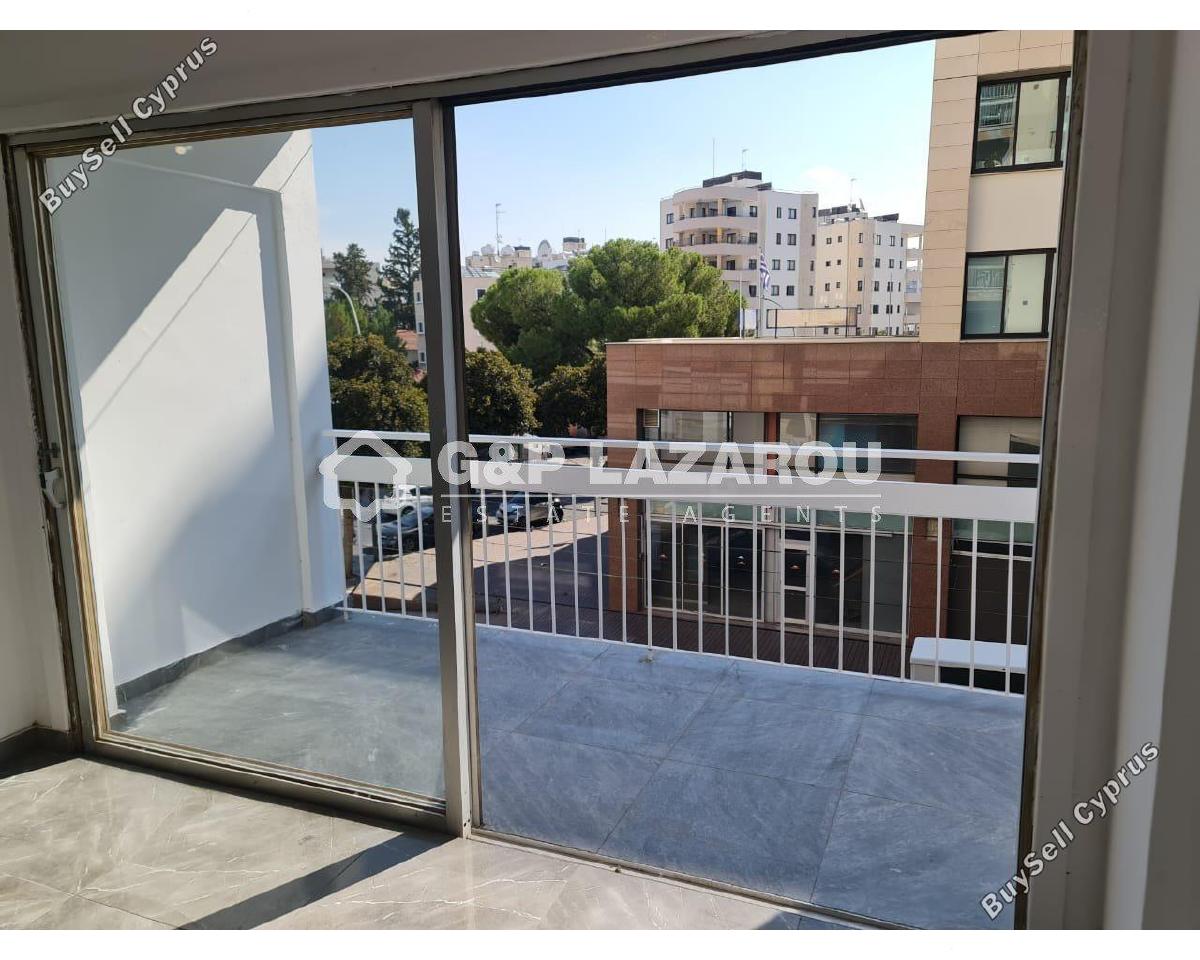 2 bedroom apartment for sale agioi omologitai nicosia 1577301 image 5463078
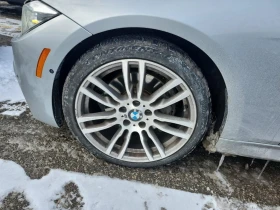 BMW 340 * 340I XDRIVE * CARFAX * ЦЕНА ДО БГ - 32750 лв. / 16744.81 € - 78726942 7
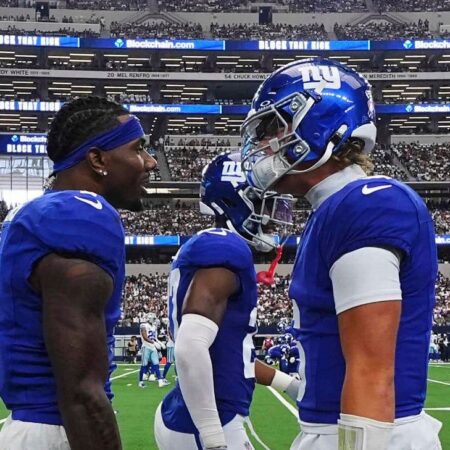 The 12 things fantasy players need to know about the NFL offseason so far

> TASK BRIEF
Print the listing exactly, but skip its pictures.

> WRITTEN REPLY
 2 bedroom apartment for sale agioi omologitai nicosia 1577301 image 5463078
 BMW 340 * 340I XDRIVE * CARFAX * ЦЕНА ДО БГ - 32750 лв. / 16744.81 € - 78726942 7
 The 12 things fantasy players need to know about the NFL offseason so far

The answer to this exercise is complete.